TM_PATH = INPUT_DIR / "TM.xml"
FM_PATH = INPUT_DIR / "FM.xml"

In [23]:
df_FBRef = load_xml(FBRef_PATH)
df_TM = load_xml(TM_PATH)
df_FM = load_xml(FM_PATH)

df_FBRef_2_TM = load_csv(CORR_DIR / "correspondences_FBRef&TM.csv")
df_FM_2_TM = load_csv(CORR_DIR / "correspondences_FM&TM.csv")

df_test_set = load_xml("fusion_evaluation.xml")

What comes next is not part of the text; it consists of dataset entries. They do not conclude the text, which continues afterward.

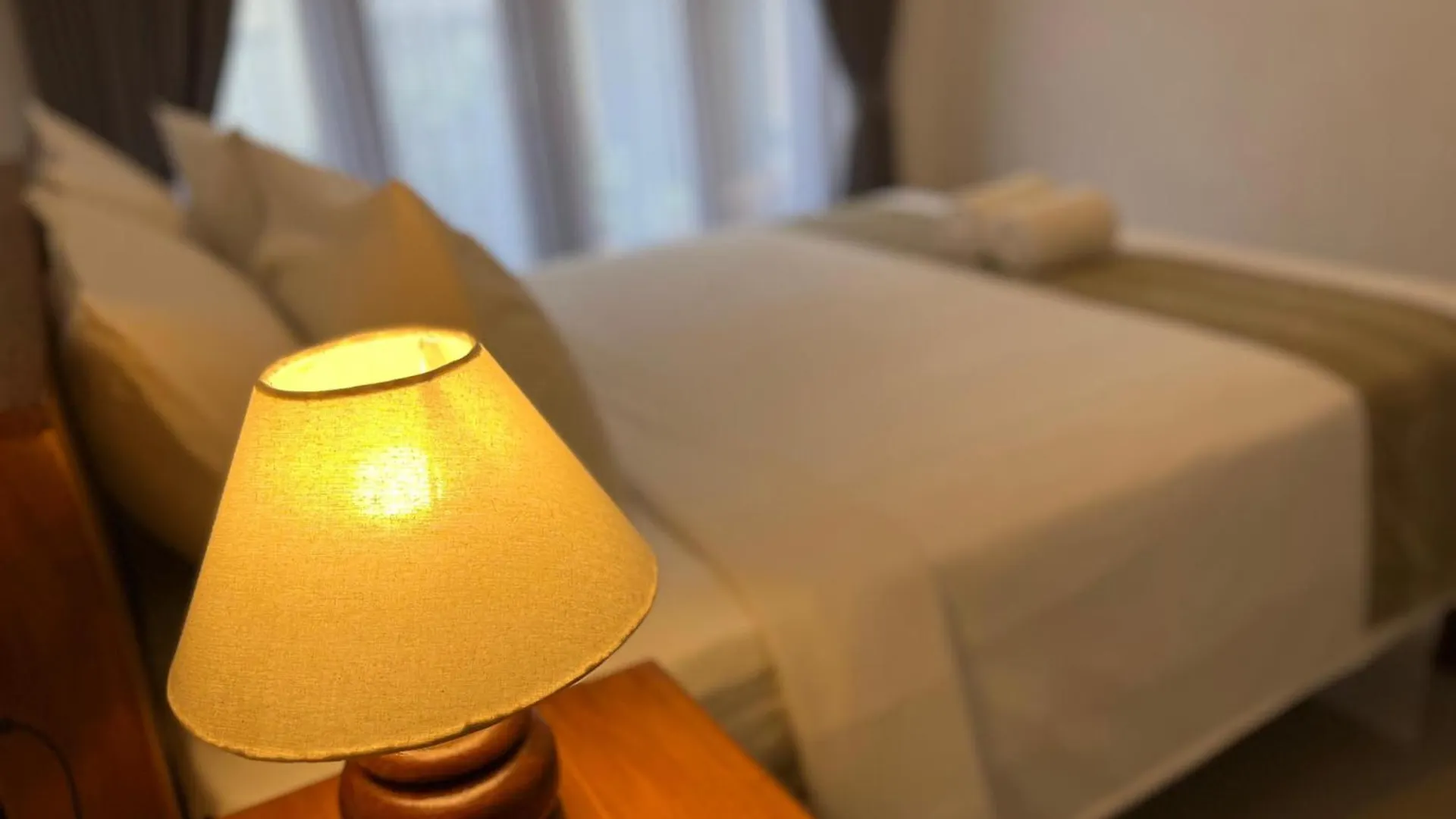 אובוד Pakjo Homestay אינדונזיה
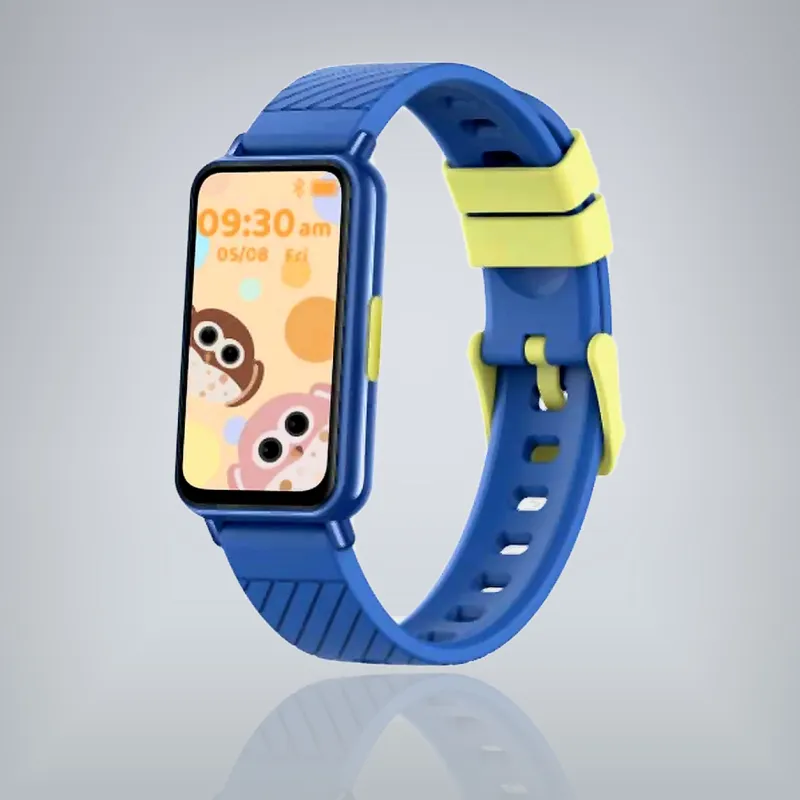 smartwatch G02 Παιδικό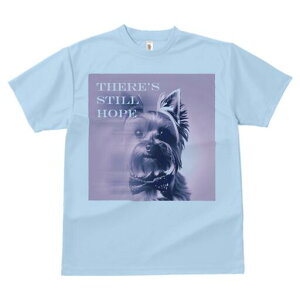 [NV[eA TVc  j[NfUCfB[X t@  t vg lJWA 킢 lԗp Mtg I ҏ΍ lN^C [NV[eA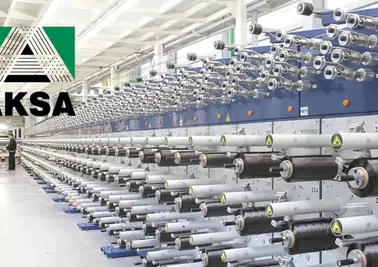 Aksa Akrilik Hissesi (AKSA) İçin Hedef Fiyatlar Revize Edildi!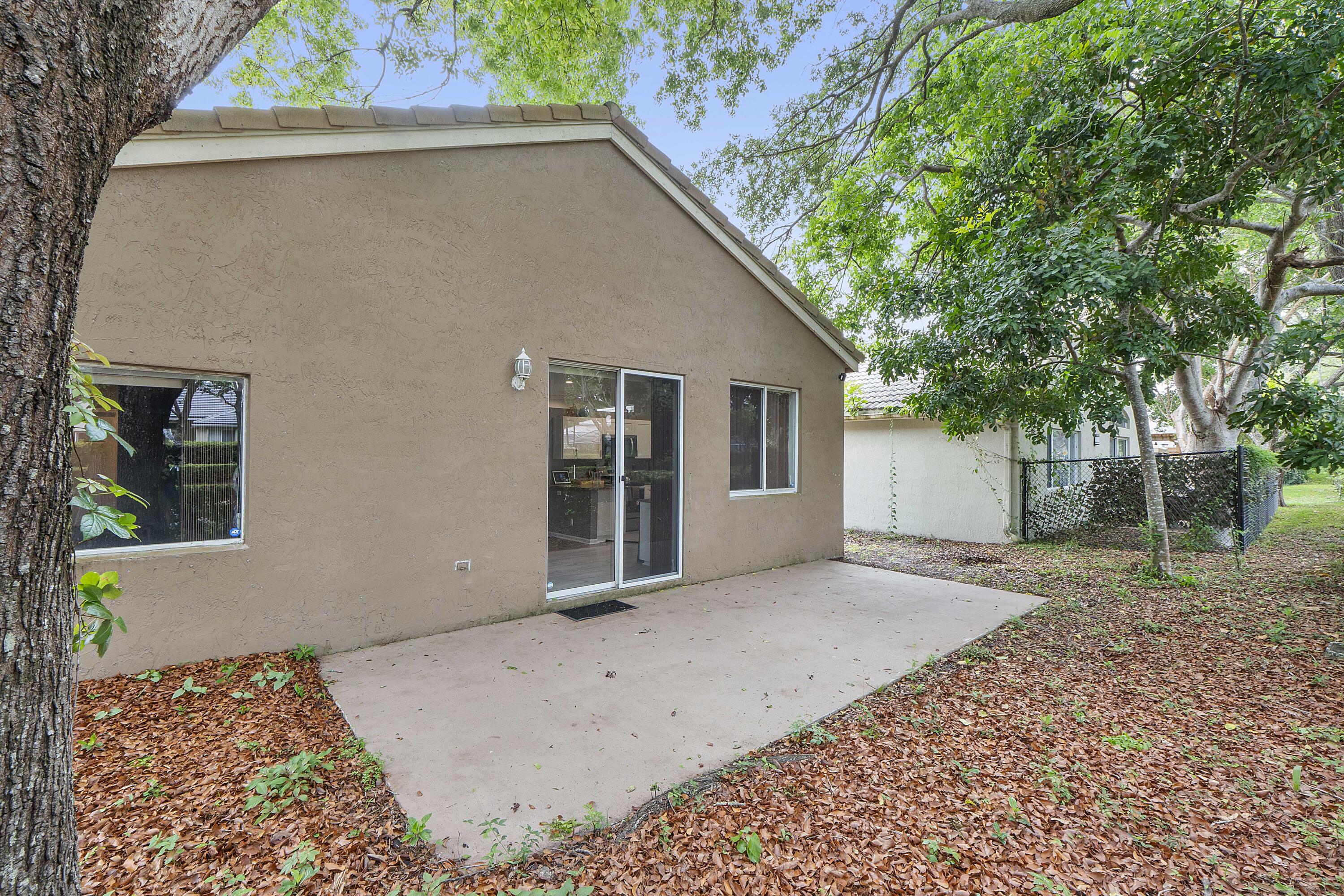 5024 Ibis Court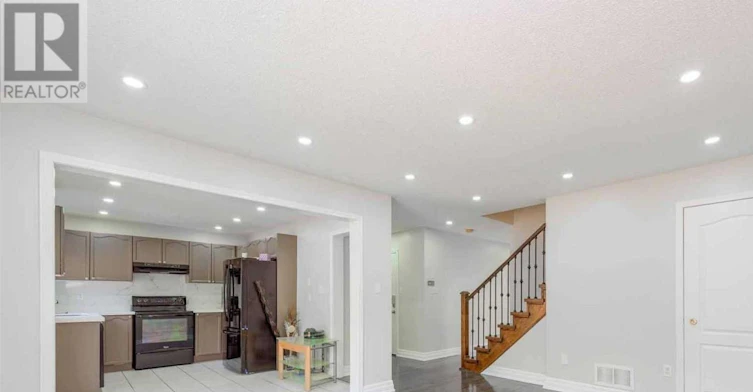 2905 Westoak Trails Boulevard, Oakville, ON, L6M 4V2 - 7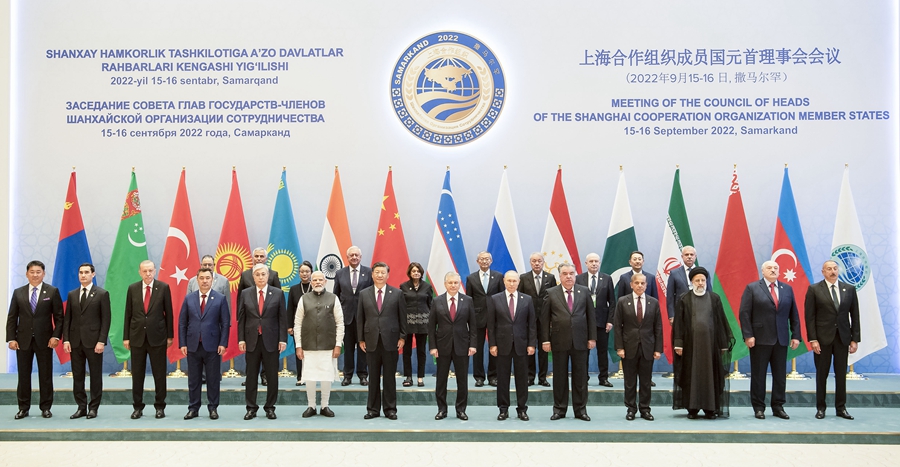 图片4-1.jpg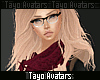 http://userimages01-akm.imvu.com/productdata/images_50ac80352c030be1fb46eb3071a3951b.gif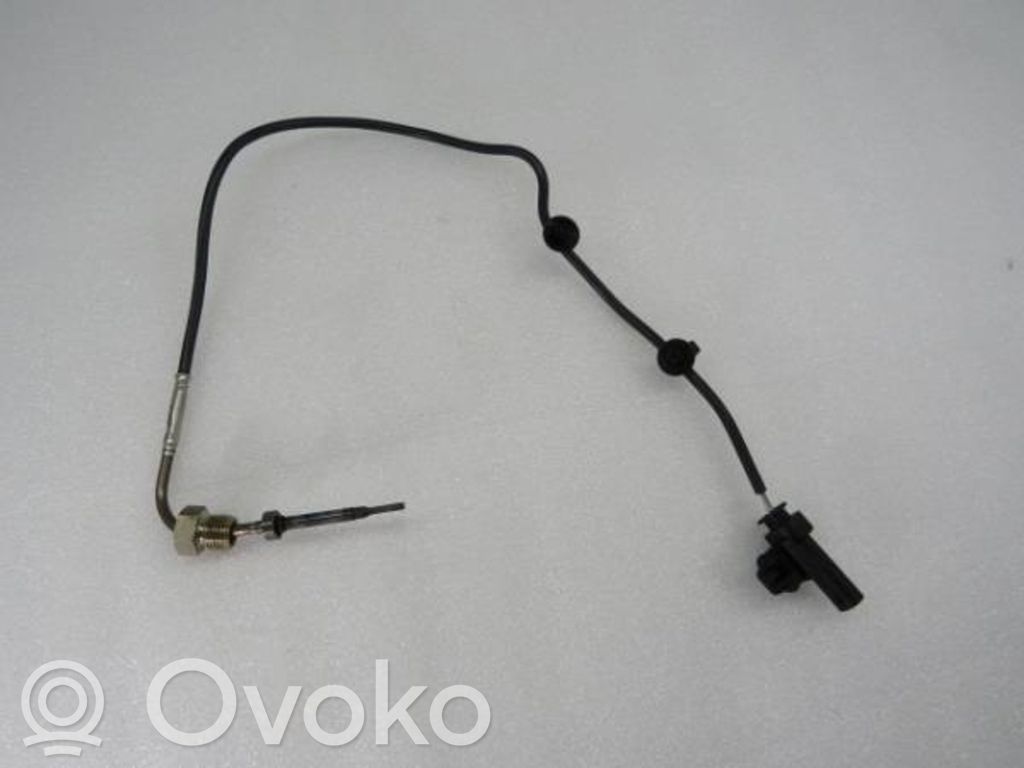 Lambda probe sensor   55497866,09302221,68014900,HC23030319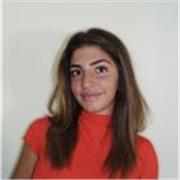 Insegnante privata con esperienza, lezioni personalizzate e coinvolgenti 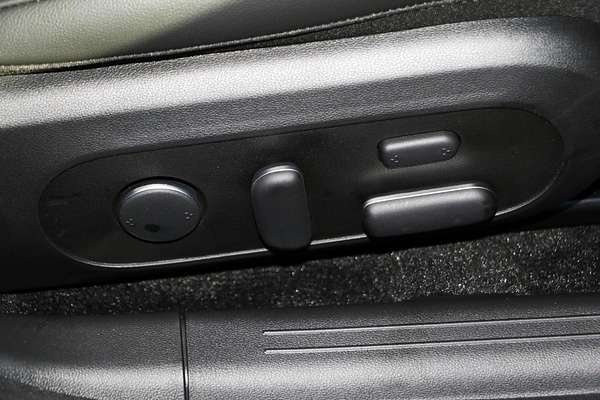 2023 Hyundai IONIQ 6 EPIQ CE.V1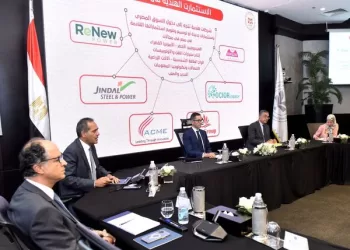 Positive change introduced to support investment for export: Investment minister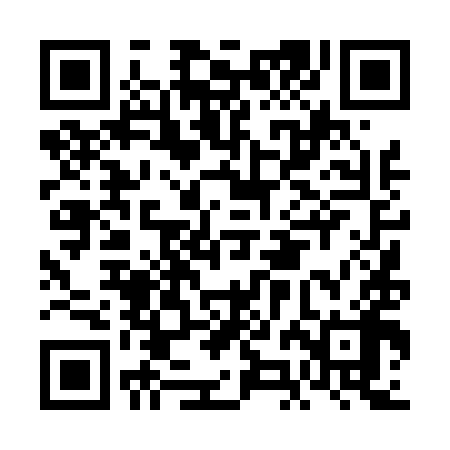 QR code for FJD498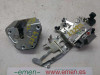  NO IDENTIFICADO PEUGEOT PARTNER (S2) 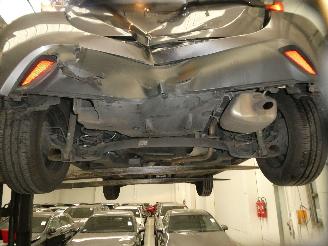 Toyota Yaris  picture 21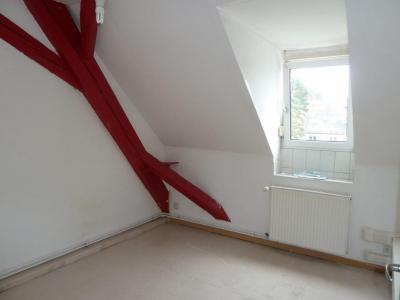 Annonce Location 3 pices Appartement Bischwiller 67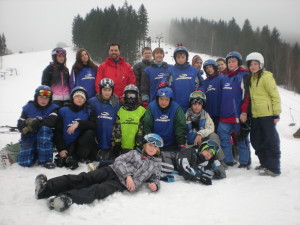 lyzak2012 (31)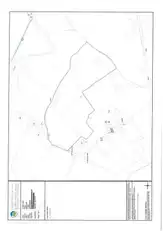 Land Between 23-29 Myra RoadImage 2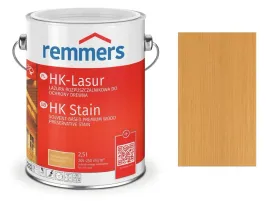 remmers-hk-lasur-impregnat-do-drewna-25-dab-jasny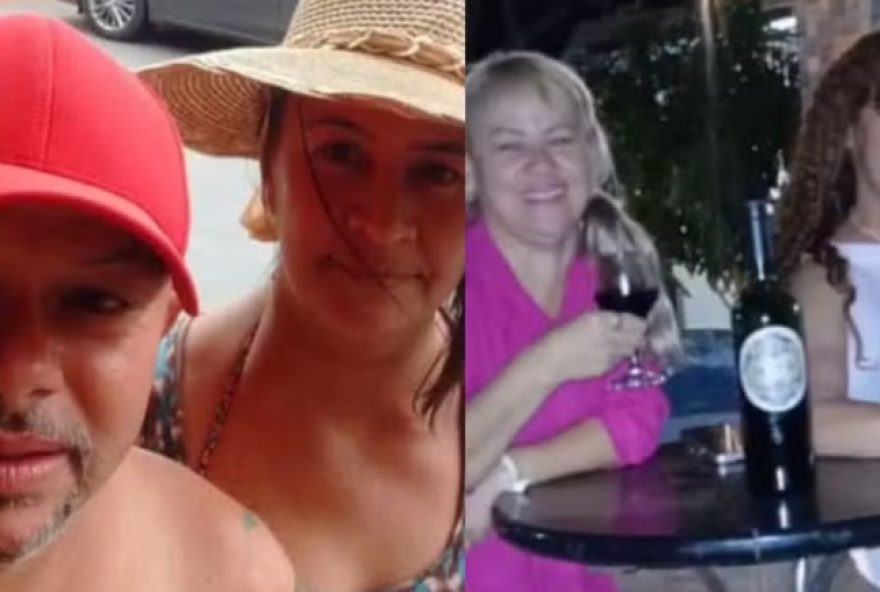 acidente-no-sul-do-piaui-deixa-4-mortos-em-colisao-entre-picape-e-caminhao acidente-no-sul-do-piaui-deixa-4-mortos-em-colisao-entre-picape-e-caminhao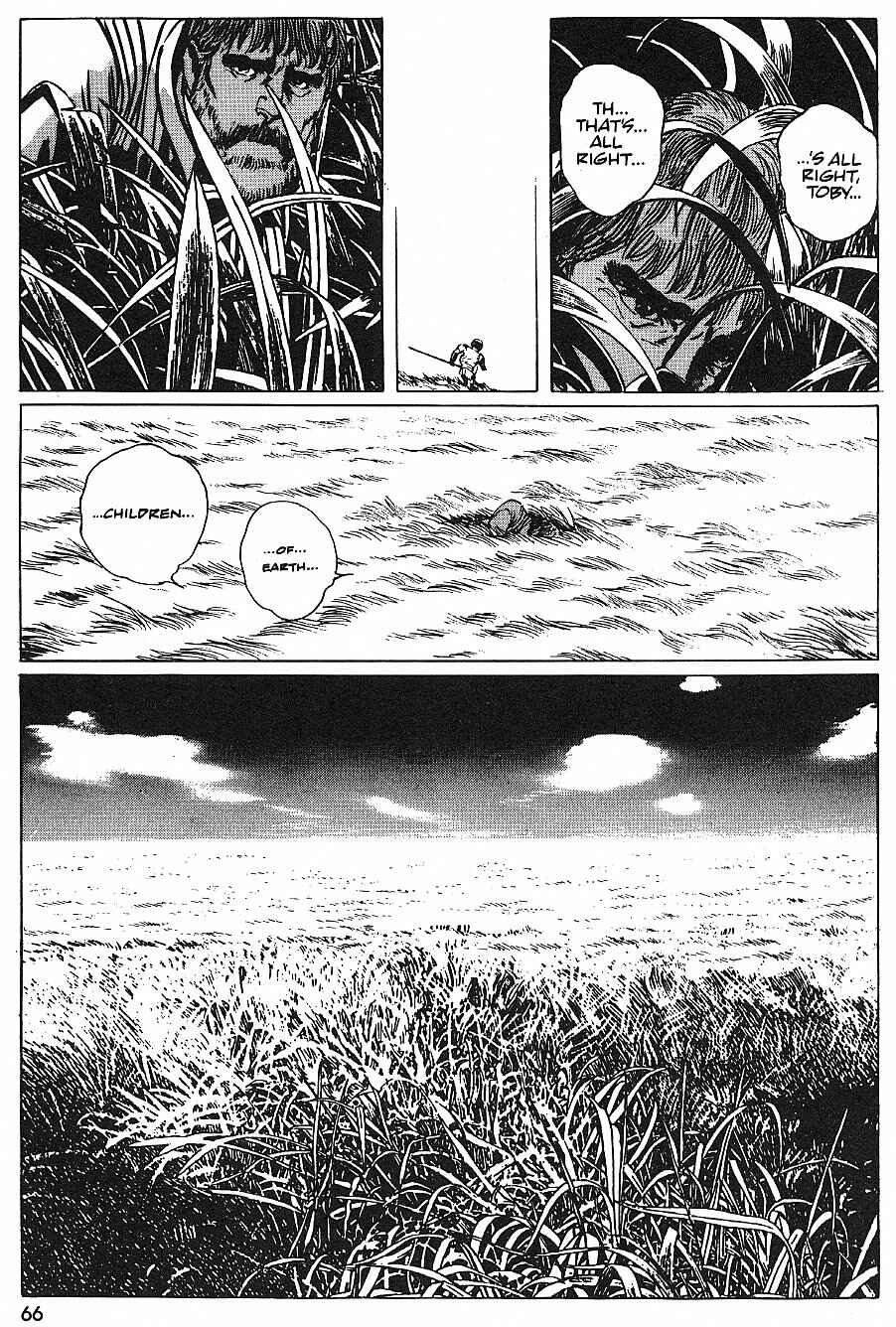 Page 38 Chapter 19 2001 Nights
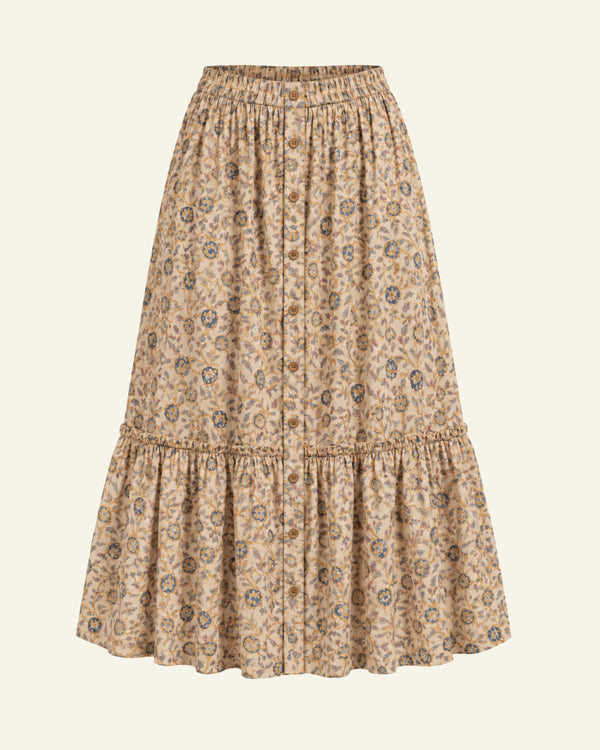 Bastide Skirt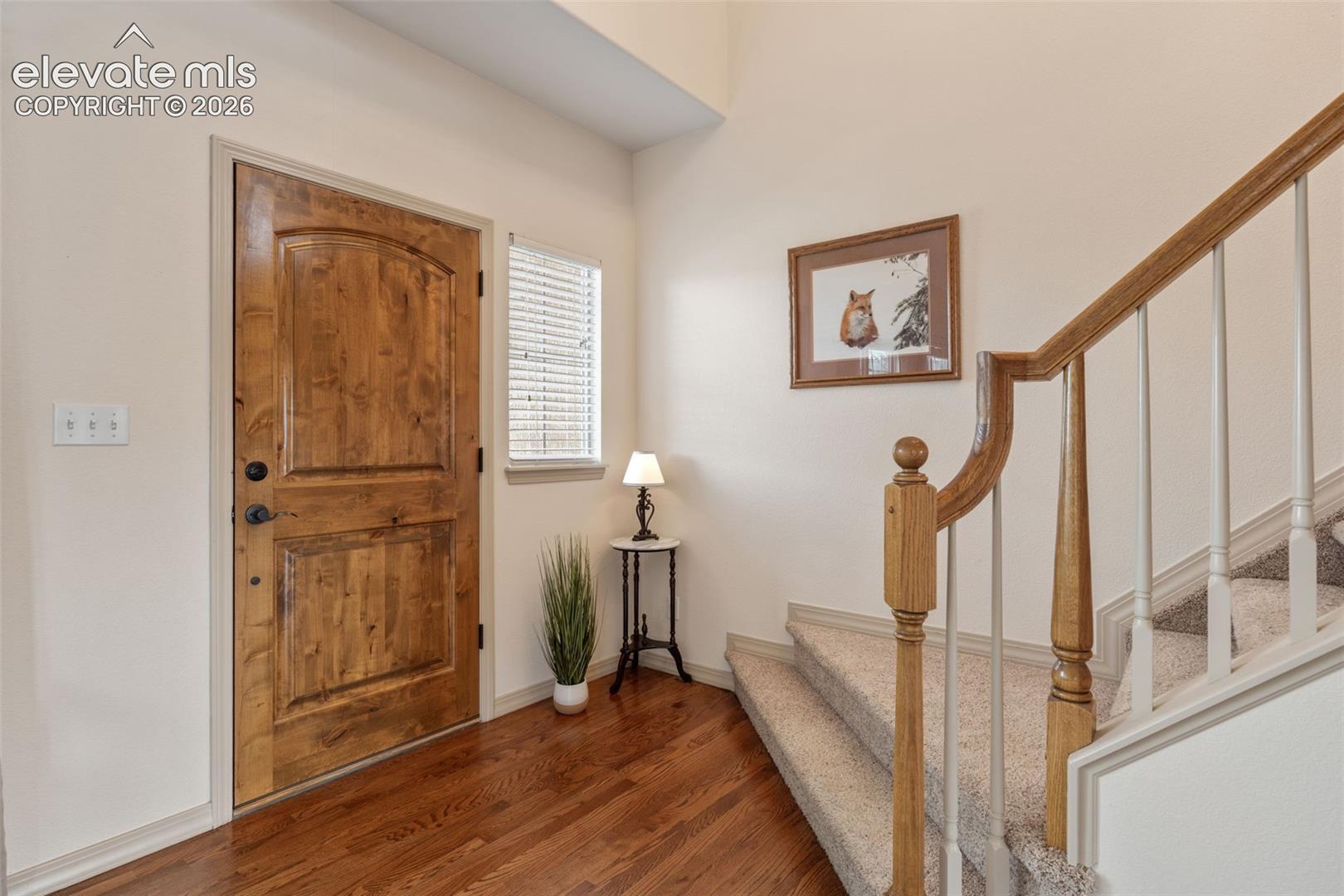 Listing photo 5 for 773 Sally Hill Court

### Group Size Distribution

In [24]:
# Analyse record group sizes created by the correspondences
record_groups = build_record_groups_from_correspondences(
    [df_FBRef, df_TM, df_FM],
    [df_FBRef_2_TM, df_FM_2_TM],
    id_column='pydi_id',
)

[INFO] Created 223283 record groups from 43052 correspondences
[INFO] Group Size Distribution of 223283 clusters:
[INFO] 	Cluster Size	| Frequency	| Percentage
[INFO] 	──────────────────────────────────────────────────
[INFO] 		2	|	32384	|	14.50%
[INFO] 		3	|	5334	|	2.39%


### Density before Fusion

In [5]:
def compute_density_manual(df):
    # Count non-null values
    non_null = df.notnull().sum().sum()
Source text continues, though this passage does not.